- INPUT DATA
- - -

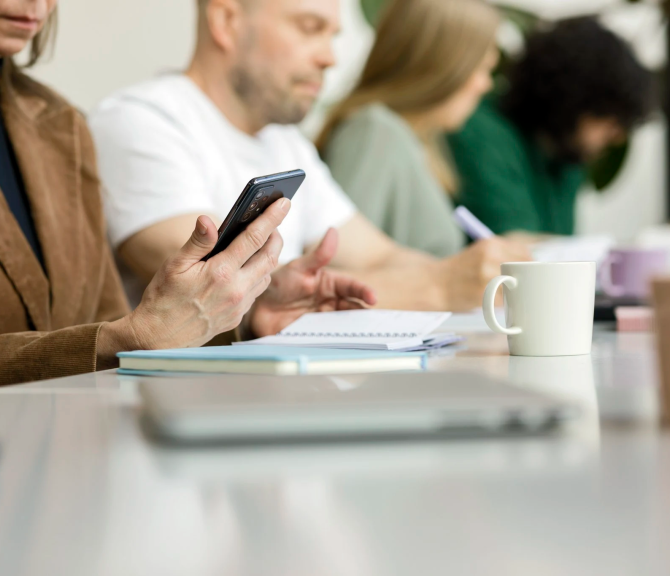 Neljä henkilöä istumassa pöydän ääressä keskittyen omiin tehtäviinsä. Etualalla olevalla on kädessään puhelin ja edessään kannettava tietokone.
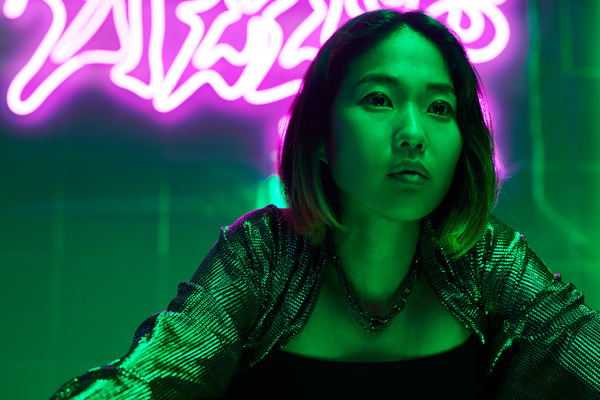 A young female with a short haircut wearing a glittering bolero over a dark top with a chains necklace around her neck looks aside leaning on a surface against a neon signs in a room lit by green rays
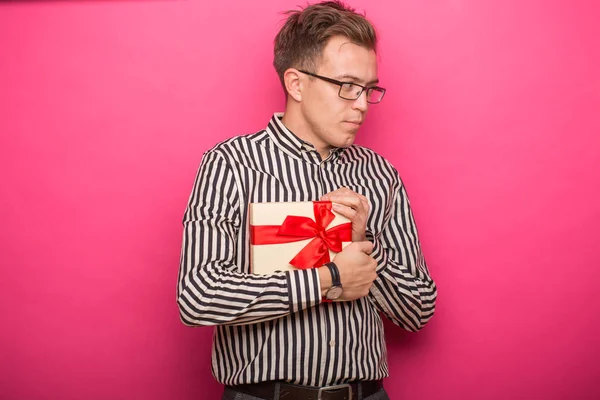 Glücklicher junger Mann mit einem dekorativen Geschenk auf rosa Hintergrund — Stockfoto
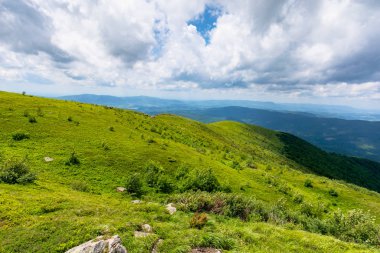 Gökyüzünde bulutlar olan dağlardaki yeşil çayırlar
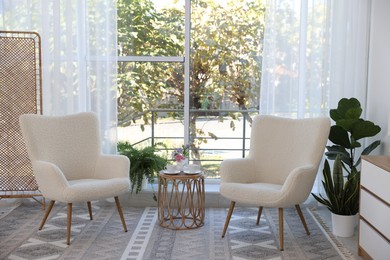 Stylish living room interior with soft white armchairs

- - -

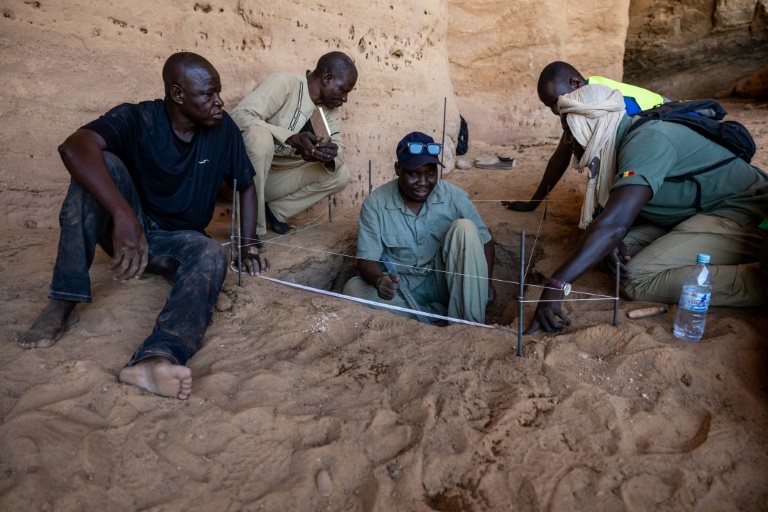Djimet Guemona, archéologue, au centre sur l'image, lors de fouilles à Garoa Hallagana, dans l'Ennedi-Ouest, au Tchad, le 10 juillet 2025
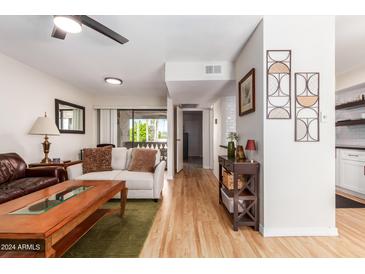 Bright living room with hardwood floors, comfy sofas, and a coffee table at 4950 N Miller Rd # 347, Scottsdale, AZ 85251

- - -

- TASK BRIEF
Write out word for word the lines of the listing above from the line with "Neljä henkilöä istumassa" to the line with "Stylish living room", taking in both of those lines but no pictures.

- RESULT
 Neljä henkilöä istumassa pöydän ääressä keskittyen omiin tehtäviinsä. Etualalla olevalla on kädessään puhelin ja edessään kannettava tietokone.
 A young female with a short haircut wearing a glittering bolero over a dark top with a chains necklace around her neck looks aside leaning on a surface against a neon signs in a room lit by green rays
 Glücklicher junger Mann mit einem dekorativen Geschenk auf rosa Hintergrund — Stockfoto
 Gökyüzünde bulutlar olan dağlardaki yeşil çayırlar
 Stylish living room interior with soft white armchairs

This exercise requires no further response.